31 July 2016
I’m working on a new information retrieval and machine learning project - but unlike previous projects that involved large amounts of text, this project involves sound.
My goal is to create a small, self-contained robot that can listen to, and learn from its surroundings - building up sonic fingerprints of a number of locations. Later, it should be possible for the robot to tell what location it’s at, simply by listening, and comparing it what it hears to previous experiences.
I’m just getting started with the project, and my focus is on writing simple software that can record sound, extract features, fit machine learning models, then classify previously unheard sound.
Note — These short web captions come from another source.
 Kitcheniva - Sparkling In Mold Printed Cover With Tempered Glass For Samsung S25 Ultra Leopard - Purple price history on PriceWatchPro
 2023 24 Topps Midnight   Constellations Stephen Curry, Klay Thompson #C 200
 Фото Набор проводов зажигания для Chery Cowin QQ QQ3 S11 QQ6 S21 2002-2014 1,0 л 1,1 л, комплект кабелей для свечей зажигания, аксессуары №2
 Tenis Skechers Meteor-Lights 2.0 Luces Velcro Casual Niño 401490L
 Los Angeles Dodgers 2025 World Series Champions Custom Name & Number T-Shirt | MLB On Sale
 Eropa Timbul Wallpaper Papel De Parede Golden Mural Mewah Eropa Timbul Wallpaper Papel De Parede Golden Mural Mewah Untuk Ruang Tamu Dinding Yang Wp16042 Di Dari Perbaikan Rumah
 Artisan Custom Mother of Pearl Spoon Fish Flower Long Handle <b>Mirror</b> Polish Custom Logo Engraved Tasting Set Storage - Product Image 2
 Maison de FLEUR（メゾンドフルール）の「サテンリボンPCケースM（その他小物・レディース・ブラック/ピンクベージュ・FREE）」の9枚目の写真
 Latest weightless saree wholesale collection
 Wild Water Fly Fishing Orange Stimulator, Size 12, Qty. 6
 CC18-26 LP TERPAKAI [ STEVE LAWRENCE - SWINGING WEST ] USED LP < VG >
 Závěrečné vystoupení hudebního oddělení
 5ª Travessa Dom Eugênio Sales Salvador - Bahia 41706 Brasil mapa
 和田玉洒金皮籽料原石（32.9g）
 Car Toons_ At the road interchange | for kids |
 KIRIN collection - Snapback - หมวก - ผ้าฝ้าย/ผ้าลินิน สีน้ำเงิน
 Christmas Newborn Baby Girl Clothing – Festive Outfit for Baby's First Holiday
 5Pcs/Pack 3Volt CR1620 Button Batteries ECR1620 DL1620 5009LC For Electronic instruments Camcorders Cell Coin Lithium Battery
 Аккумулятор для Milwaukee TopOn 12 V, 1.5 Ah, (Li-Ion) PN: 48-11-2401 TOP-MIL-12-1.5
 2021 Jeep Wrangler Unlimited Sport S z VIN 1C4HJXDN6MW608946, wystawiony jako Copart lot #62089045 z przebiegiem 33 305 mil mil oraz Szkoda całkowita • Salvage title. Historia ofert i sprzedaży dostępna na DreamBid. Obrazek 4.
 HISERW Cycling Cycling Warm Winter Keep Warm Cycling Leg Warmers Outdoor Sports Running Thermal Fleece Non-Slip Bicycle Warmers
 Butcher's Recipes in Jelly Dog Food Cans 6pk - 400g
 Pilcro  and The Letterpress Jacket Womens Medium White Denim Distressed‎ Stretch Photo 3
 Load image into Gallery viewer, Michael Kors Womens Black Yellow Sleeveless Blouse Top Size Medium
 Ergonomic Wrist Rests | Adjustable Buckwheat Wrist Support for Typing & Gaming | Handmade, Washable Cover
The field of audio/music information retrieval is very well-developed, so I have a lot to read and learn from.
As a simple hello-world, I took two existing sound files; a Mozart piano sonata, and a recent track by Rihanna, and visualized them as chromagrams. Visually, the difference between the two tracks is clear, and this might be a clue that the notes used in a piece of music represent useful features for a machine learning model. I’ve yet to discover if this is the case, or if chromatic features are useful for more ambient sound.
It’s worth noting that, for now, I’m foregoing any thought of using deep learning techniques to create vector representations of sound, for use in classification tasks. I might try to tackle this down the road. Crawl, walk, run etc.
I’ll write up what I find as the project continues.